Essa história (ou estória) é uma narração verídica, apenas modificado os nomes dos “personagens’, acontecida em uma pequena cidade de Minas Gerais, na década de sessenta. NAQUELA ÉPOCA AINDA SE PERMITIA TER ANIMAIS EM ESPETÁCULOS DE CIRCO... hoje não mais, felizmente!  

  

  

             

    

 CRIANÇA EXISTE PARA SER FELIZ     

  

  

   Autor; Afranio Bastos  

  

  

  

  Capítulo 1  

  

                    Coração não tem cor  

  

Adilson, esse era o seu nome. Era desse nome que ele gostava de ser chamado. Fora esse o nome que seu pai escolhera e, com tanto orgulho, repetiu com voz grossa no dia do batizado, olhando feliz para a imagem do Cristo no altar da linda "casa de Deus". Mas, não... quem era Adilson? Ninguém sabia. Agora, perguntasse quem era Pelezinho e toda a pequenina cidade saberia responder.  
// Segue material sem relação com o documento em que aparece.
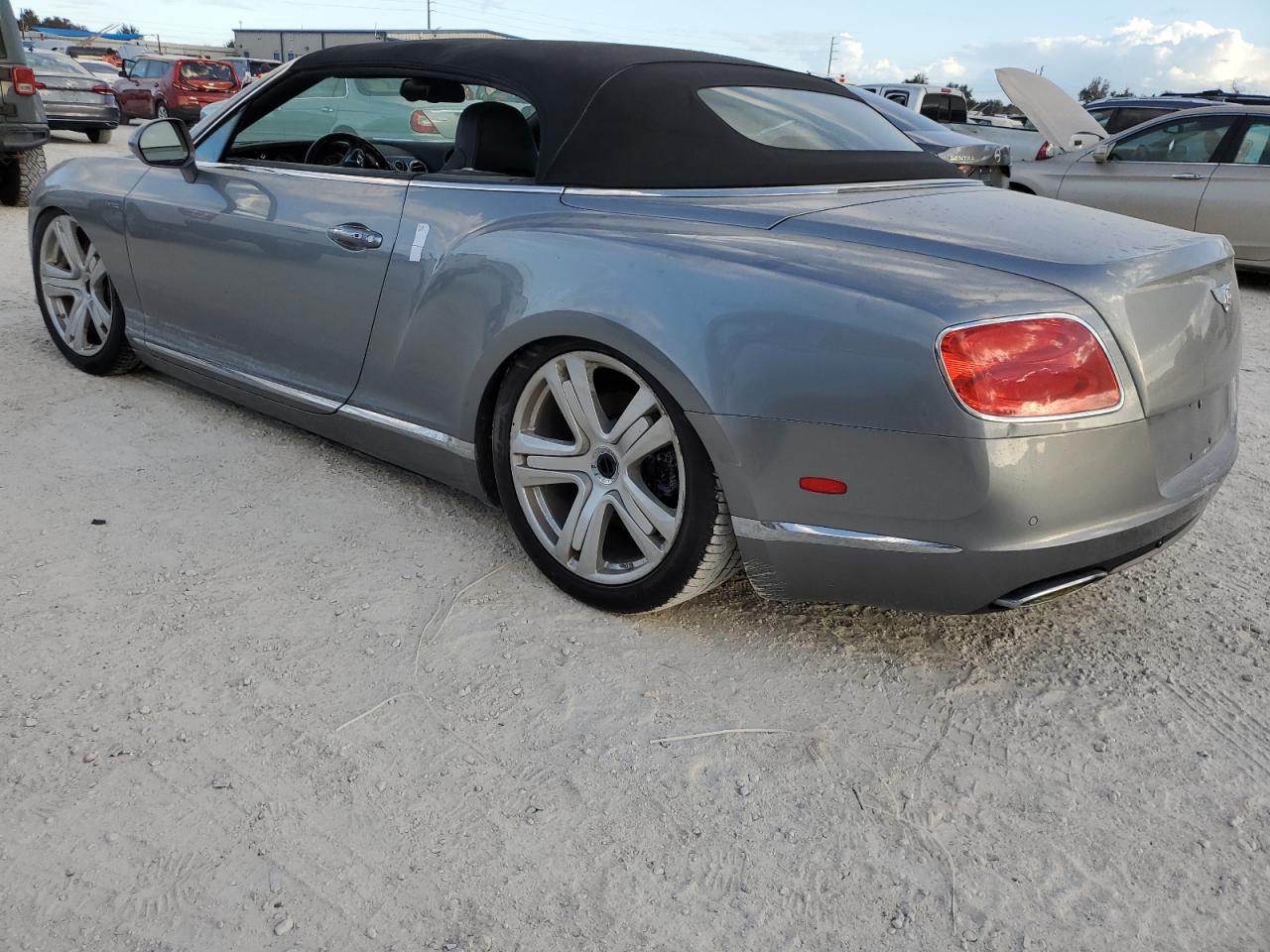 2013 Bentley Continental VIN SCBGU3ZA2DC083017 Copart auction photo, water/flood damage thumbnail 2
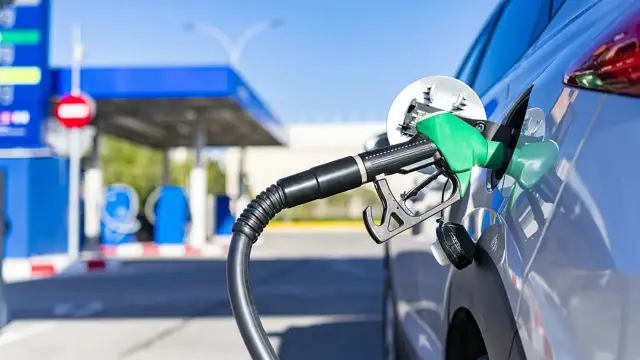 Fuel equalisation ends 1 October, petrol hike may reach 12.48 lira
Pelezinho, moleque esperto, olhos redondos e brilhantes. Narizinho pequeno em cima de uma boca sempre sorridente, cheia de dentes tão lindos de causar inveja em muita gente.  Pelezinho, filho de Juca Preto e Bia Lavadeira, colonos da fazenda do Coronel Joaquim. Pelezinho, sete anos, alegre, brincalhão, muito bem-criado por seus pais pobres, mas, honestos, trabalhadores e muito religiosos. Seus pais muito amados pela comunidade rural e da cidade, tementes a Deus, colonos da fazenda Fortaleza.   

  Fazenda Fortaleza do coronel Joaquim, cabra da peste, muito rico, metia medo em todos os fracos, humildes e desprotegidos. Com seu poderio financeiro e influência política ele comprava as autoridades covardes que fechavam os olhos aos sofrimentos e humilhações impostos aos empregados. Servidores rurais que trabalhavam como escravos sendo, muitas vezes, submetidos até a castigos corporais.  

Como sempre alegre e feliz, contagiava de felicidade quem com ele se encontrasse. Galopando em seu cavalo de pau, correndo pela estrada deixando riscos na poeira alta, Pelezinho voltava para casa. Já não era dia, ainda não era noite, era o crepúsculo, a hora da saudade. A hora em que os corações voltam para seus lares em busca de outros corações que os amem para neles se confortarem.  

Quando se aproximava da fazenda, Pelezinho ouviu os gritos do coronel com seu pai:  

_ Volte aqui seu preto sujo, vagabundo, preguiçoso ou eu corto suas costas com chicote!  

Uma tristeza imensa inundou o coração de Pelezinho. Era muito triste ver seu pai ser humilhado pelo coronel. O pior é que não se podia pedir ajuda. Todos riam e desacreditavam quando se contavam as maldades do coronel, até as autoridades, até o padre.  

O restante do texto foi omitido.